How do you discover these unmet needs? By talking to people who spend some time online, asking them questions and listening. By reading voraciously. When you find them, make sure they’re needs you can fill: If you discover that people want to know what life in North Korea is really like, there’s no point trying to satisfy that need unless you at least know people who’ve lived there. And you might sometimes discover that the reason for an information void is that the information people are seeking simply doesn’t exist.

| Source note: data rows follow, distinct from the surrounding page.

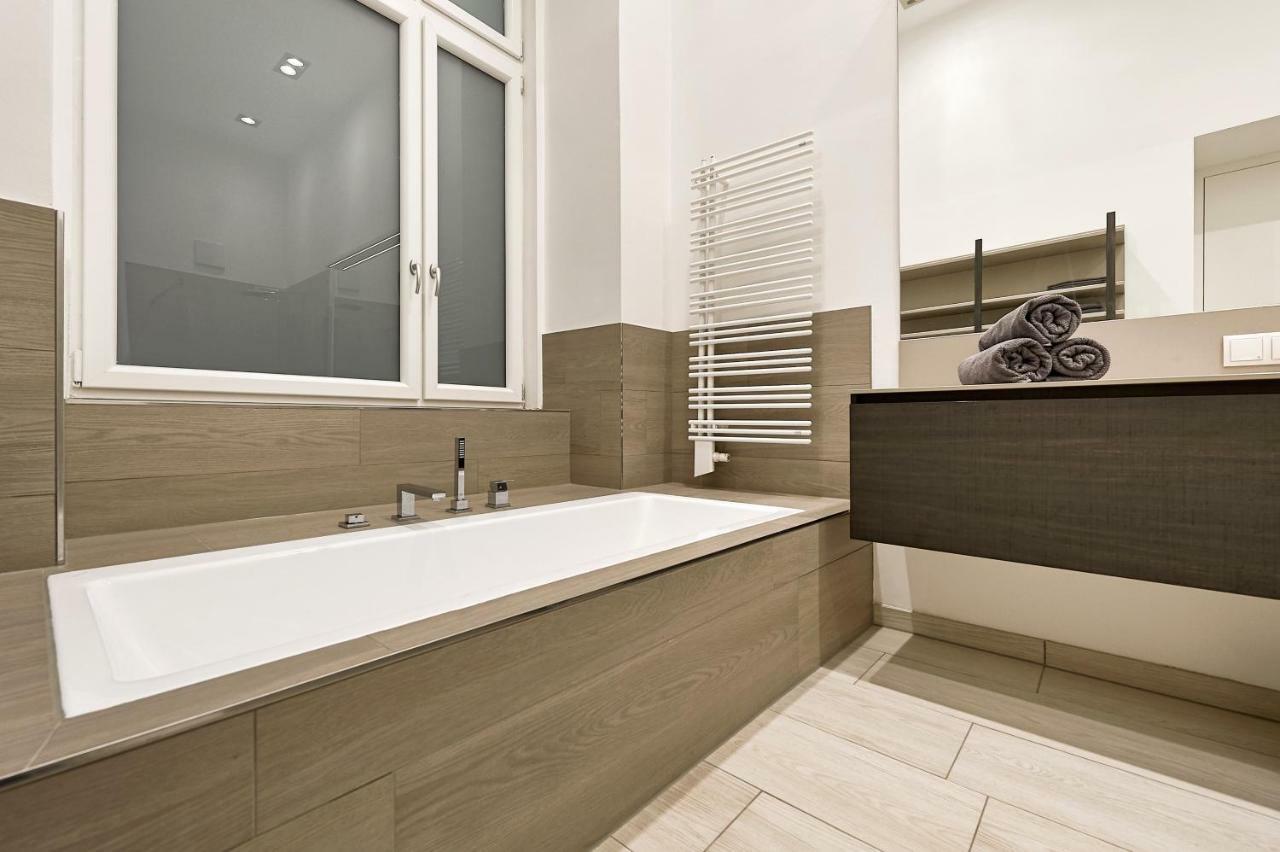 Central Luxury Apartment Wina Bagian luar foto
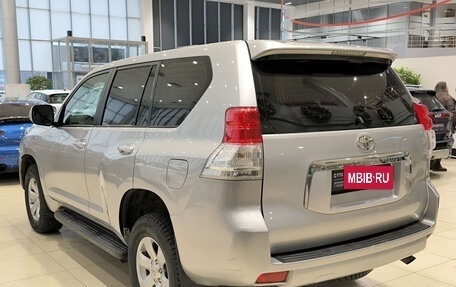 Toyota Land Cruiser Prado 150 рестайлинг 2, 2011 год, 2 730 000 рублей, 8 фотография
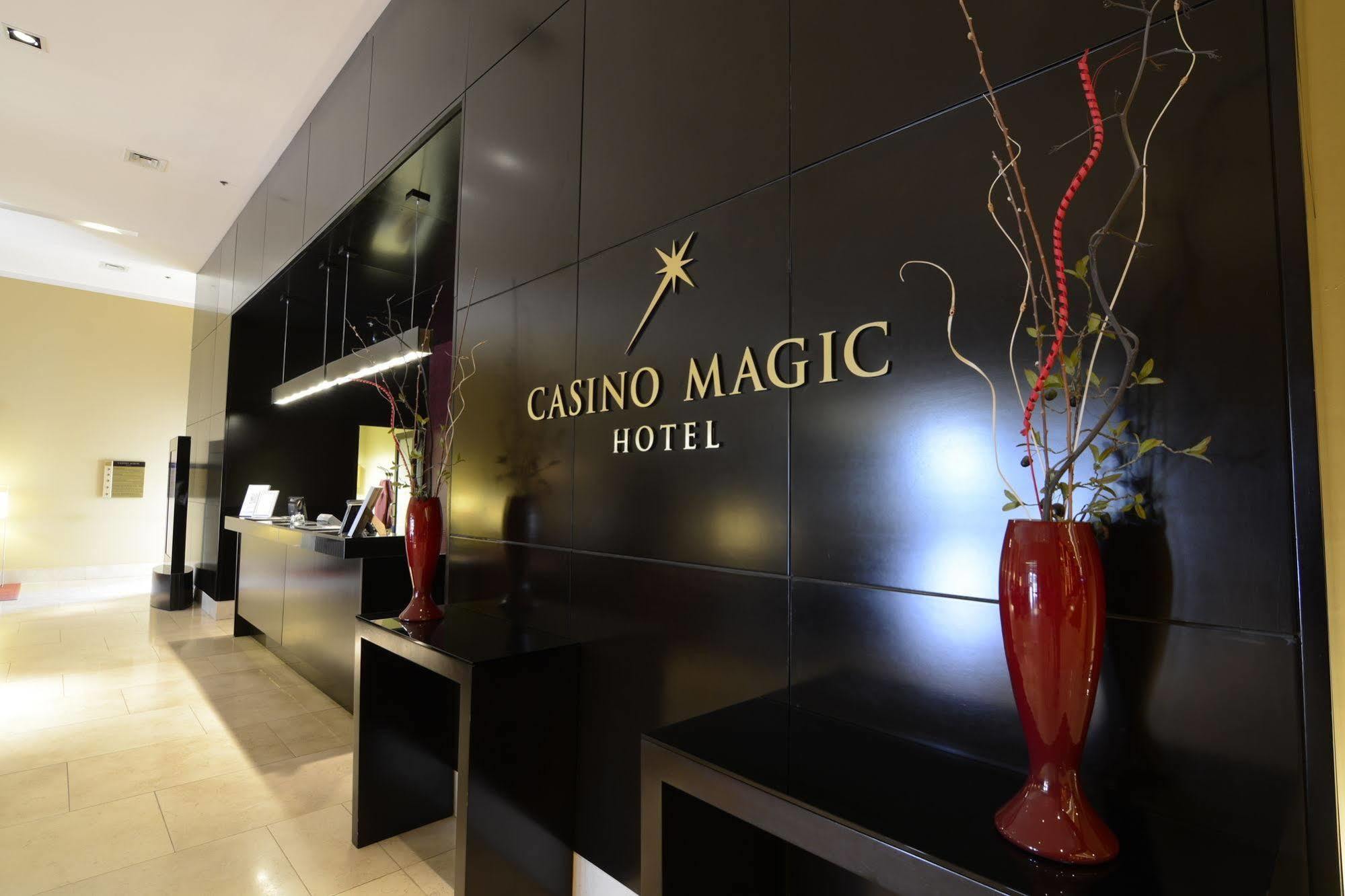 Hotel Casino Magic 네우퀜 외부 사진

And here’s a reminder about what, from my own previous research and experience, blog readers want to see more of (each of which implies unmet needs):

  1. original research, surveys etc.
  2. original, well-crafted fiction
  3. great finds: resources, blogs, essays, artistic works
  4. news not found anywhere else
  5. category killers: aggregators that capture the best of many blogs/feeds, so they need not be read individually
  6. clever, concise political opinion
  7. benchmarks, quantitative analysis
  8. personal stories, experiences, lessons learned
  9. first-hand accounts
  10. live reports from events
  11. insight: leading-edge thinking & novel perspectives
  12. short educational pieces
  13. relevant “aha” graphics
  14. great photos
  15. useful tools and checklists
  16. prÈcis, summaries, reviews and other time-savers
  17. fun stuff: quizzes, self-evaluations, other interactive content

How important is it that you have a single theme to your blog, something that will keep readers coming back, and not annoy them with stuff they don’t expect to find on your blog and don’t want to read about? As the owner of the world’s most themeless blog (I’m always at a loss when people ask me what ‘category’ or ‘type’ of blog How to Save the World is), I would suggest it is somewhat important, but not important enough to let it get in the way of your muse. Readers will tell you (by their declining numbers, or lack of comments, or by e-mail) when you’re no longer filling a need. Most blog tools allow you to establish different categories for different blog posts, or even maintain completely separate blogs with no cross-posting, if your subjects have completely different audiences.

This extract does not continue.